Electric vehicles still have limited range, expensive batteries, and few charging stations. While mainstream manufacturers seek to improve battery tech, the Korea Advanced Institute of Science and Technology (KAIST) has a different idea. Who needs big batteries and stations when the road itself can charge vehicles?
In July, two new buses began public service in the South Korean city, Gumi. The buses, or online electric vehicles (OLEVs), travel a road like a wireless cellphone charging mat—only, this particular mat is 7.5 miles long and cost $4 million to build.
How does it work? The buses are inductively charged throughout the route by 180 kW power sources periodically embedded in the road. KAIST says just 5% to 15% of an already existing road needs to be rebuilt to convert it into a wireless charger.
Each power source connects to the grid and is selectively turned on or off as a bus approaches and leaves. When on, the source produces a magnetic field that wirelessly transfers energy to a receiver underneath the bus. The magnetic field is converted back into an electric current and sent to the battery and motor.
KAIST’s approach was first developed by researchers at the University of California, Berkeley. But the scientists worried strong electromagnetic fields might have adverse health effects and abandoned the idea. (A problem KAIST says they’ve solved—their vehicles fall within international standards for health and safety.)
KAIST says their buses convert up to 85% of the power sent from the embedded source. Their batteries are about a third the size of a typical electric car battery, thus reducing weight and cost, yet they needn’t ever stop to charge. If all goes well, ten more KAIST buses will be added to the route by 2015.
Wireless power transmission has a long history. Of course, Nikola Tesla is the godfather of wireless power. Tesla wanted to send electricity wirelessly from central power stations using giant Tesla coils, and he even filed a patent for an inductive electric railway system.
Tesla’s ideas didn’t catch on—our thoroughly wired world is testament to that—but the dream of wireless power has never really gone away, and it’s finding a new market in electric vehicles and public transportation.
Indeed, a fleet of inductively charged buses have prowled the streets of Turin and Genoa, Italy for over a decade. But the Italian buses aren’t charged along their route, like the KAIST buses. And that’s what makes the Korean system unique.
When KAIST president Suh Nam-Pyo spoke at the system’s first test site, an amusement park in Seoul, he boldly claimed, “The potential for application [of this technology to public transport systems] is limitless. I dare say this is one of the most significant technical gains in the 21st century.”
So, are road-charged wireless vehicles the wave of the future?
Although the prospect of a continuously juiced car sounds lovely, inductive roads on a grand scale probably aren’t realistic. The private sector can buy and build discrete charging stations, but the government has a monopoly on roads—and it’s already difficult to marshal funds to rebuild older pieces of infrastructure. Even for governments who subsidize electric cars, upgrading and maintaining a nationwide network of inductive roads would be a different story altogether.

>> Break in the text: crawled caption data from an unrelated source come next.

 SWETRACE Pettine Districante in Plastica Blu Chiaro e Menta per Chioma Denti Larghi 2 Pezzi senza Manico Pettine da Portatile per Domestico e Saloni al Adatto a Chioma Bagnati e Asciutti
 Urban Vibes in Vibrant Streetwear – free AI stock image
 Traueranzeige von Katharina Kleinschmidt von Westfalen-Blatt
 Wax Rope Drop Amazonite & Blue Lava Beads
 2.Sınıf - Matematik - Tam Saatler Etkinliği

In all probability, political support would be hard to win before electric car tech goes mainstream. But lacking an alternative, wide adoption of electric cars requires manufacturers improve batteries and build charging stations—at which point, there’d be little need for inductive roads, and the issue would be a non-starter in legislatures.

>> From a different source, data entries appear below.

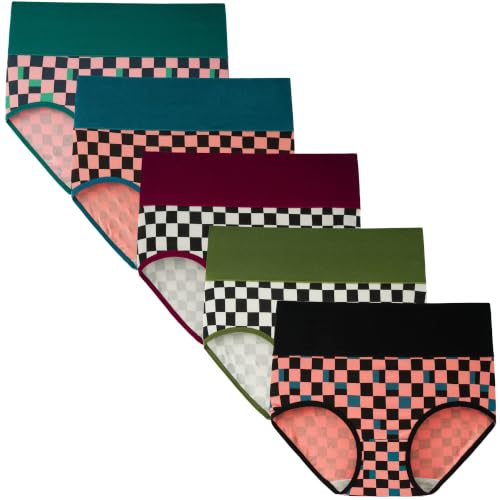 INNERSY Women's High Waisted Underwear Cotton Panties Regular & Plus Size 5-Pack - color: Chessboard, size: Large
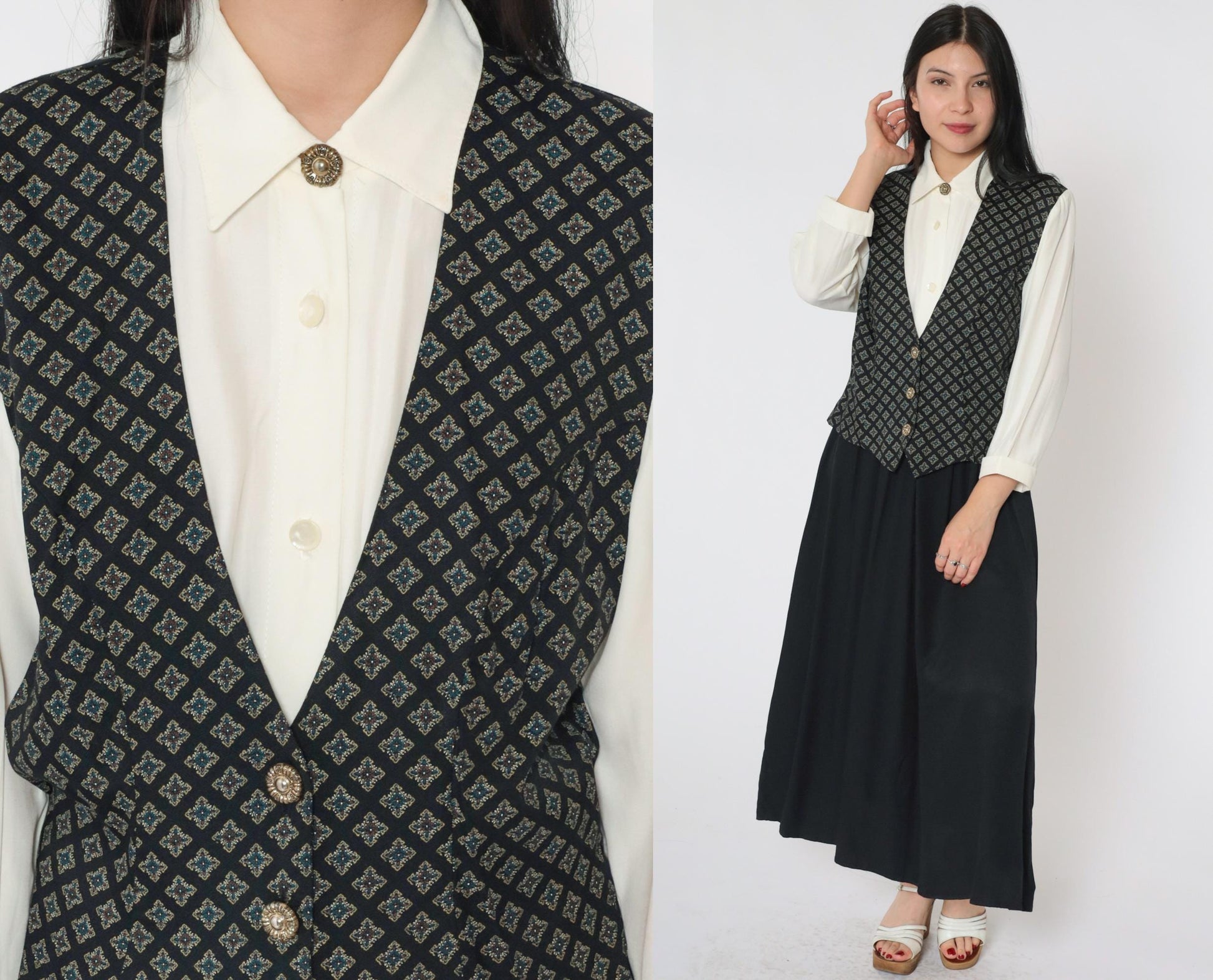 90s S.L. Fashions Maxi Dress Attached Geometric Vest White Black Button Front Small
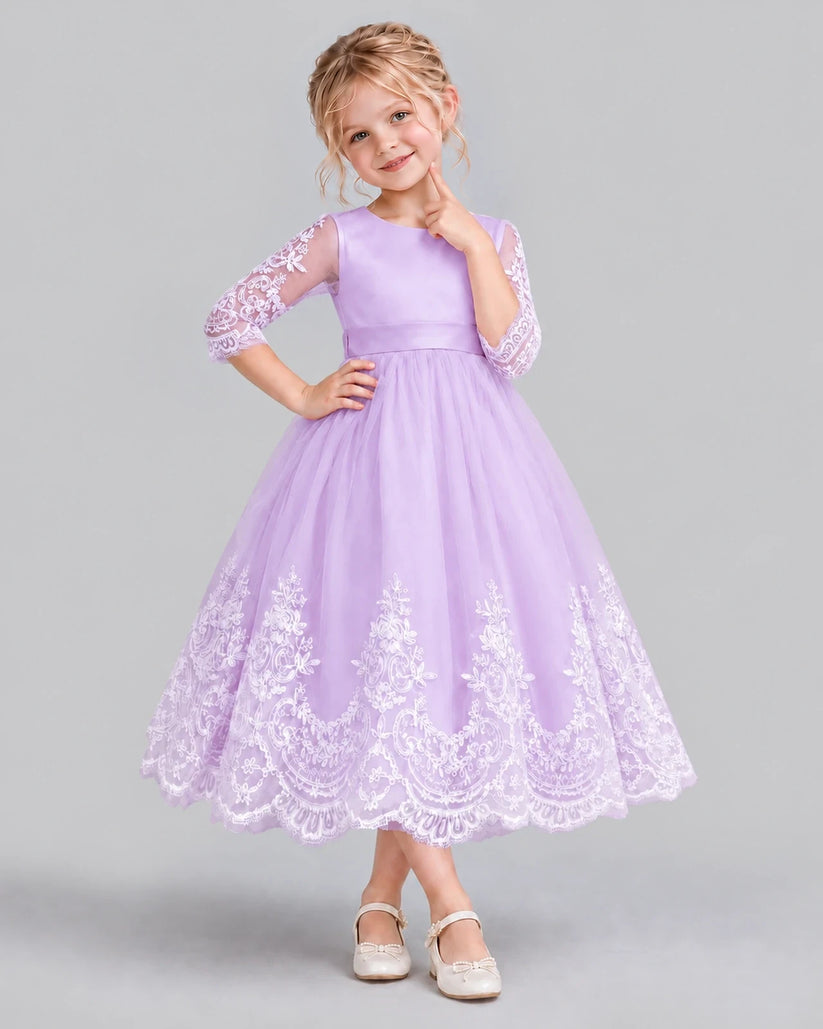 Lilac Ball Gown Flower Girl Dress Front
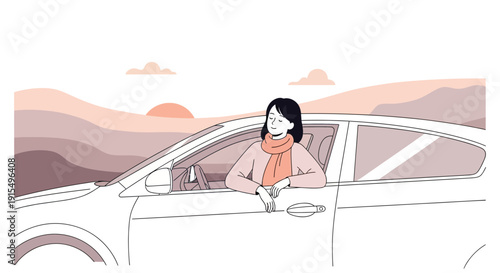 Serene Woman Enjoys Scenic Drive At Sunset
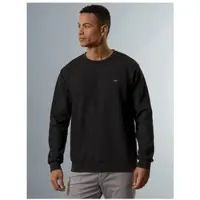Trigema Sweatshirt "Sweatshirt in Waffeloptik", Herren, Gr. S, schwarz, Piqué, 100% Baumwolle, Rundhals, Sweatshirts Sweatshirt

But what about on a smaller, more specialized scale, like along heavily traveled public transportation routes in cities? That seems more likely. Electric trolley buses are ubiquitous around the world. While they reduce noise and pollution, they also draw energy from a bristling nest of wires overhead. By limiting required funding and promising to beautify a few urban areas in the process, KAIST’s inductive roads would be an easier political sell, and may well take root in a city or two—maybe more.